It’s impossible to say if the Church of Latter Day Saints got any converts during last night’s opening performance of “The Book of Mormon.” But it’s safe to say many in the audience left as true believers – in the Broadway musical.
The national touring show of the New York hit is at Seattle’s Paramount Theatre for a run through Jan. 20. It’s as blasphemous as it hilarious.
The show opens with a recorded voice over delivered by the show’s creators – Matt Stone and Trey Parker – with their distinctive “South Park” inflections. They voice Jesus (“Ahh am Jesus you guys”) who wears Vegas infused robes and the angel Moroni. The Mormon creation story is told in bullet points and without irony – making it seem utterly ridiculous.
And thus the die is cast.
Soon we’re with neatly groomed Mormon elders (men in their late teens and early 20s) in the opening song, “Hello!” – a satire on the doorbell ringing missionaries.
As the men are about to leave on their two-year missions a woman in an African costume – as might be imagined by a six-year-old – arrives amidst light and sounds changes and performs a feverish song and dance. It’s a typical Broadway musical contrivance. Or so we think.
Stone and Parker have done an end run around the audience. It was the first of many times the rug was pulled from under my feet in the show. And I couldn’t have been happier.
The show’s two leads are played by tall and good looking Mark Evans (Elder Price) and short, chubby Christopher John O’Neill (Elder Cunningham.) Price is shallow (he wants to be sent to Orlando) and Cunningham is desperate to be liked. By anyone.
The pair contrast physically and in character – a vital component in a show filled with white shirt/black tie wearing white men of the same age.
The two soon find themselves in Uganda where they are robbed of all their possessions – and illusions. Evans nails the roll of Price. His rendition of “You and Me (But Mostly Me)” sums up his character nicely. O’Neill also turns out a fine performance as the earnest and disheveled elder who admits he’s never actually read The Book of Mormon. But O’Neill never made me a believer like Evans did.
Nevertheless, O’Neill is the comic center of the farce as he tries to teach his version of The Book of Mormon to the Ugandan villagers using a mix of “Star Wars” and J.R.R. Tolkien mythology.
O’Neill partners well with Samantha Marie Ware, a gem in her role as Nabulungli (Elder Cunningham’s constant mispronunciation of her name is a running gag.) The two master the duet “Baptize Me” which mixes sexual tension and, yes, baptism.
Ware cements her character’s gullible innocence in “Sal Tlay Ka Siti” – an ode to that most Mormon of all cities.

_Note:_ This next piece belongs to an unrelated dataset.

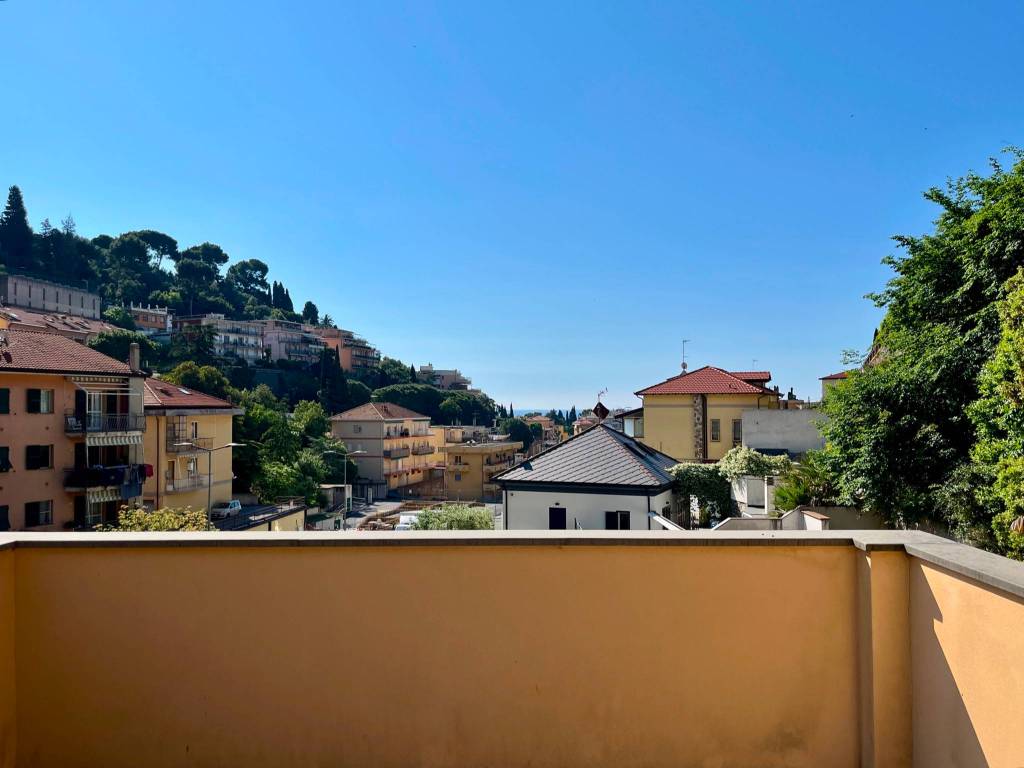 casa indipendente in vendita ad Alassio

The villagers, besieged by a warlord, AIDS and forced female circumcision, want little to do with the missionaries at first. One of the funniest moments in the musical is their song, “Hasa Diga Eebowai” which they teach to the enthusiastic missionaries. Enthusiastic, that is, until they learn what it means (let’s just say it’s a textbook definition of blasphemy.) It’s one of the most profane and joyous songs I’ve ever heard and a clear riff on the saccharin vibe of “Lion King.”
Another highlight is when the missionaries come together to sing “Turn It Off” – a how-to on ridding one’s mind of impure (think gay) and other negative thoughts. It’s a bizarre and entertaining combination of The Clapper, “Cabaret” and a guilt trip.
The show’s musical high point is “Spooky Mormon Hell Dream.” Elder Price, filled with guilt, dreams he’s in hell. It’s an over-the-top destination with a lot of “South Park” touches. Saddam Hussein doesn’t make an appearance but a cast of recent historical characters does. As does two dancing products from a well-known Seattle-based company. The latter elicited much laughter and clapping from the audience who clearly loved seeing their hometown hero in hell. Perhaps a certain somebody shouldn’t have sold The Sonics to Oklahoma City.
The comedic highpoint comes when the villagers, led by Nabulungli, put on a play that tells the Mormon history (as they think it is) for a visiting mission president. The president is not amused.
Finally, “I am Africa” sends up every Western stereotype of Africa – driving home the point that the entire musical, from Utah to Uganda, is parody.
The music, while entertaining, didn’t have me singing as I left the theater (probably a good thing as the lyrics might get one arrested.) Comedy is clearly what has made “The Book of Mormon” a giant hit.